Il y a une petite chance
pour que l’enfance revienne, que la vie frémisse à nouveau en nous. A partir de
là on est digne du nom d’être humain. C’est déjà très bien, c’est l’essentiel.
Et si par la suite, on a envie de creuser cette intériorité qui a été remise en
place, creuser ce mystère dont le sens a émergé à nouveau, eh bien, on ira
joyeusement ! Pas parce que untel l’a dit mais parce que c’est l’appel de la
vie. Parce que c’est passionnant et amusant. A partir de là on pourra
éventuellement essayer d’accomplir certains actes spécifiques, on pourra essayer
de s’éveiller, de se taper sur l’épaule pour tout d’un coup se redresser en
soi-même, les yeux grands ouverts alors qu’on croyait être en train de veiller…
Ce qu’il est important de
dire c’est que, dans le fond, l’Eveil c’est gai, ce n’est pas triste, c’est
vivant. Et c’est désobéissant, ce n’est pas bien-pensant du tout.

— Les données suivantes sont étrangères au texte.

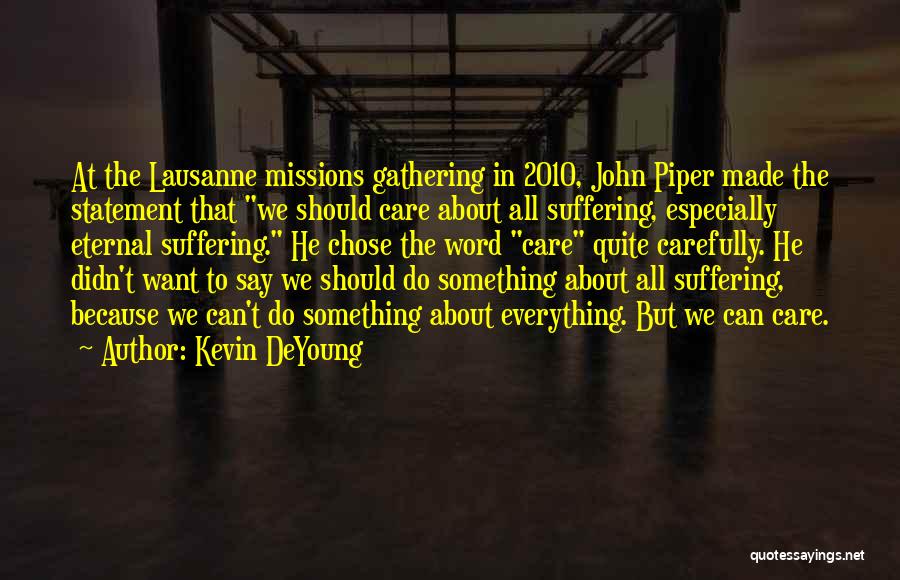 Kevin DeYoung Quotes: At The Lausanne Missions Gathering In 2010, John Piper Made The Statement That We Should Care About All Suffering, Especially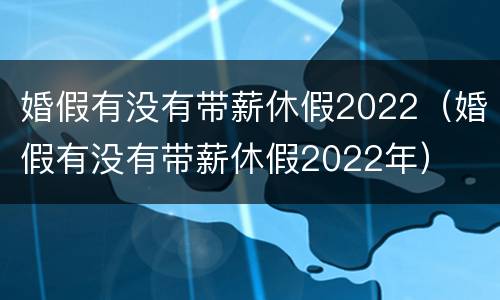 婚假有没有带薪休假2022（婚假有没有带薪休假2022年）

C’est une bonne nouvelle !
Mais attention, il est des
désobéissances convenues ; il faut beaucoup s’en méfier ! En fait, ce n’est ni
bien ni mal pensant. Je ne veux pas dire que ce n’est pas pensant du tout, mais
c’est un cri de vie qui fout en l’air, balance en l’air toutes sortes d’idoles
lamentables. L’Eveil, d’une certaine façon, est une extraordinaire entreprise
de déboulonnage des idoles qu’on a plantées en soi. Mais ceci se fait dans la
liesse, la joie et non pas dans la tristesse et la componction.